I still needed the multimedia hosting and streaming so I still had a pretty narrow range of options. The two I really looked into were:
- Heart Internet – a UK based company who do a fantastic reseller hosting package. I don’t want to become a hosting company myself, but the ability to brand the control panel and provide clients with access to their own settings would be great. I know several people that have used them for a long time and they have a great reputation. My reservations were two-fold: a) cost – this would be more of an investment than I had really hoped to make and b) their control panel is a custom-built affair, rather than a standard cPanel or Plesk setup and I wondered if their ability to develop features and the UI was less than I’d get from an off-the-shelf control panel.
- Better Web Space – run by local businessman, Twitter followee and fellow geek-dad Keiron Skillett, I would love to have invested my hosting cash in another local business.

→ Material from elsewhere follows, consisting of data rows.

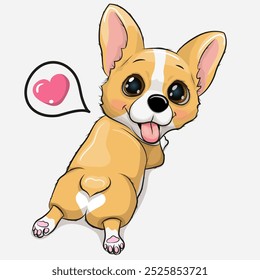 Cute Cartoon Corgi with hearts isolated in a white background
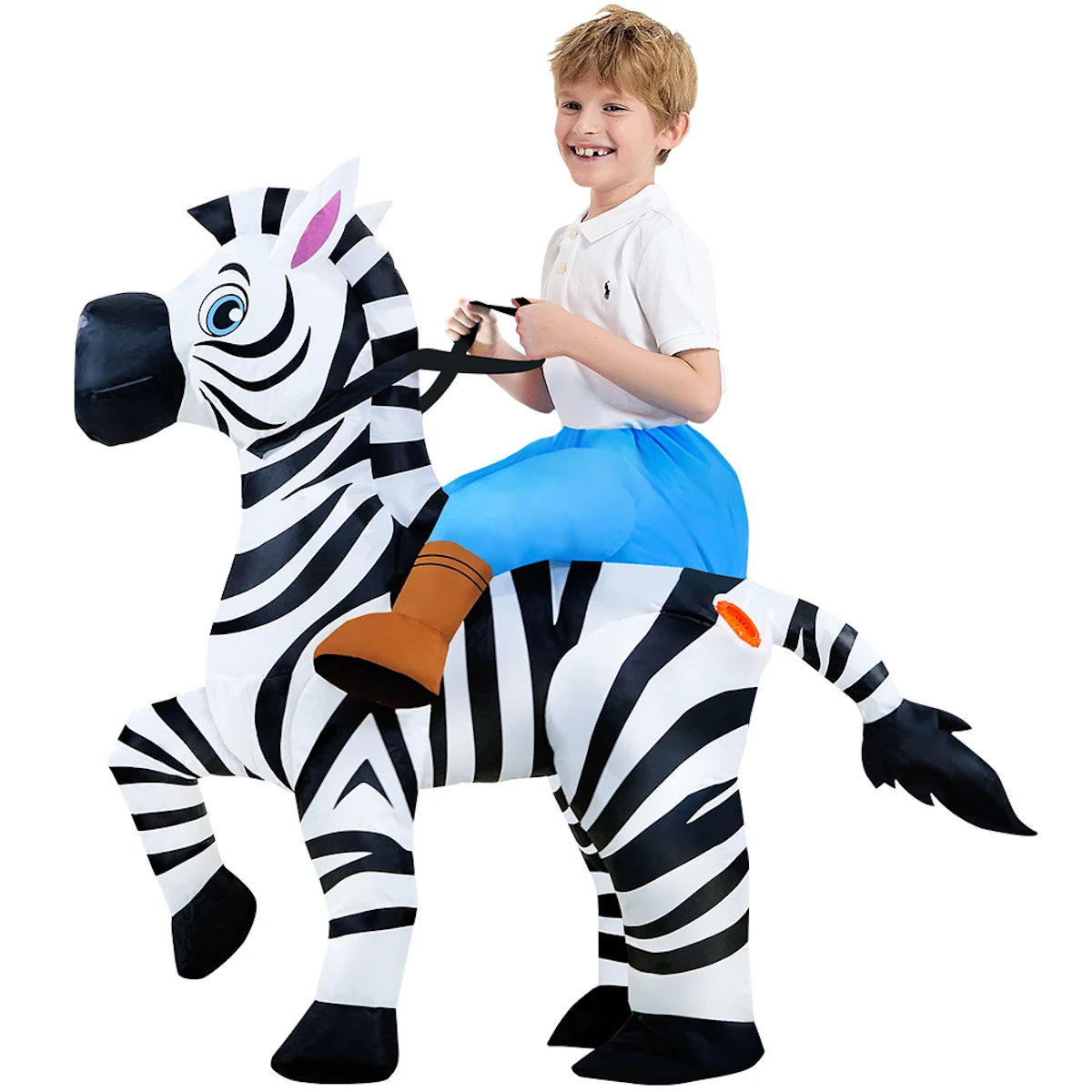 Kids Teens Blow up Zebra Horse Rider Costume - ChildAngle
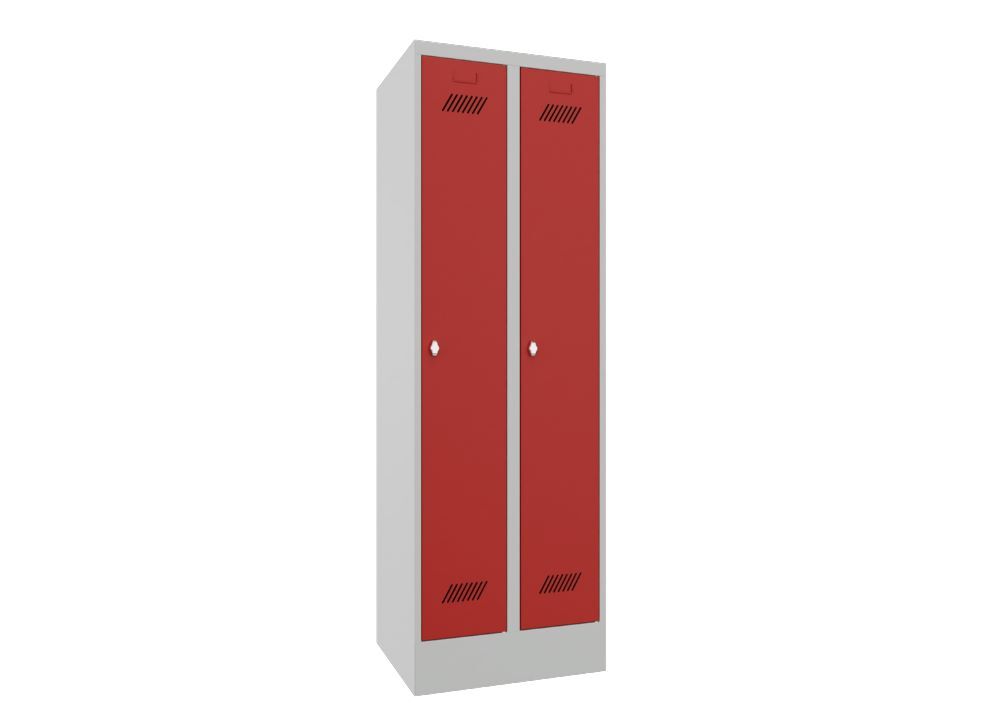 Produktbild PAVOY Garderobenschrank mit Sockel 1850x600x500 mm 2 Abteile RAL 7035/3000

As I investigated Keiron quickly replied to emails at weekends giving detailed and very helpful answers. Clearly he would help me get what I needed and provide brilliant support. BUT…his reseller hosting was sold in units of 1GB of storage and that was going to work out as very expensive for hosting lots of audio.
Hope and Light at Christmas
Some other events have transpired recently that have made the business case for better hosting much clearer. I’m sad that I can’t invest in Keiron’s business, but there are many good reasons for me to sign up with Heart. And that’s where I now am.
The domain that the hosting company were saying was being attacked (on all three occasions) has been with Heart for two weeks and it’s been fast, stable and I’ve had no one from Heart tell me there’s any problems with it.
I don’t believe the hosting company were lying to me – they had detailed logs showing otherwise! My hunch is that they simply have inadequate defences against modern bot-net attacks.
I’m steadily working to migrate as much of my hosting as possible onto the Heart servers and will continue to monitor the sites for improvement.
I don’t really expect anyone to have read this far. But if you did, thanks for your time and patience.
The summary is, my host had some issues and I’ve now moved somewhere else where:
- those issues don’t seem to exist; and
- the service offered is far superior.
The move is ongoing and has and will continue to be an investment of money and time, but this is the right thing for Oikos to do for its clients.
I’m sorry it took so long to respond to these issues and to make the investment, but I look forward now to being able to provide a better-than-ever hosting service for those who choose to work with me.
I hope you’ve had a very merry Christmas and look forward to working with you in 2012!